カリフォルニア州でネットニュートラリティー法成立

(米国)

サンフランシスコ発

2018年10月09日

カリフォルニア州のジェリー・ブラウン知事は9月30日、インターネットの中立性(ネットニュートラリティー)を維持する法案(SB-822)に署名、同法が成立した。

オバマ政権下の2015年3月、連邦通信委員会(FCC)は、インターネットプロバイダー(ISP)を「情報サービス」ではなく固定電話や電気のような「公益事業」と再定義し、ISPが特定のコンテンツを優遇することなどを禁止するオープンインターネット規則を発表した。しかし、トランプ政権下の2017年12月、FCCが同規則を廃止したことを受け、カリフォルニア州議会のスコット・ウィーナー上院議員らが同州独自の法案「インターネット消費者保護・ネットニュートラリティー2018」(SB-822)を作成した。

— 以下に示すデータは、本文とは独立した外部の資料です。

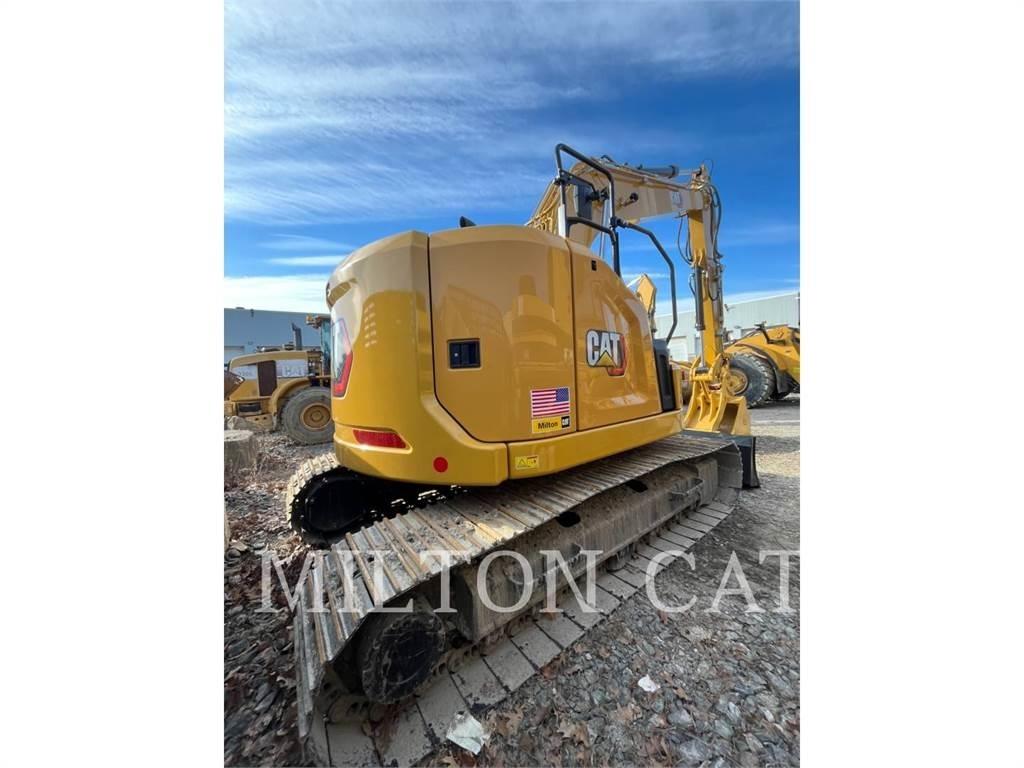 CAT 315 Верижен екскаватор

SB-822は、ISPが特定のウェブサイトやサービスの通信速度を遅くする、あるいは特定のウェブサイトへのアクセスをブロックすることなどを禁止する。

SB-822の内容で、特に低所得層のインターネット利用者の保護に関係すると言われるのが「ゼロレーティング」の不正使用の禁止だ。ゼロレーティングは、ISPが利用者に対し特定のコンテンツのデータ受信を無料にし、スマホなどで月ごとに定められたデータ通信量を消費しないで済むというもの。ISPが恣意(しい)的に自社の関連会社など特定のコンテンツのみをゼロレーティングで提供できるようにし、それ以外のコンテンツと差別的扱いが生じる結果、競争が阻害されるとともに、利用者へ提供されるコンテンツに偏りが生じ得る。ピュー・リサーチ・センターの調査(2018年2月)によれば、米国では成人の5人に1人が家庭でブロードバンドインターネットを利用せずスマホのみを利用するユーザーで、低所得層ほどその割合が高いことが分かっている。

SB-822の施行は2019年1月1日の予定だが、米司法省はブラウン知事の署名後、9月30日付で、同法成立を覆すためカリフォルニア州を提訴しており、裁判の結果が待たれる。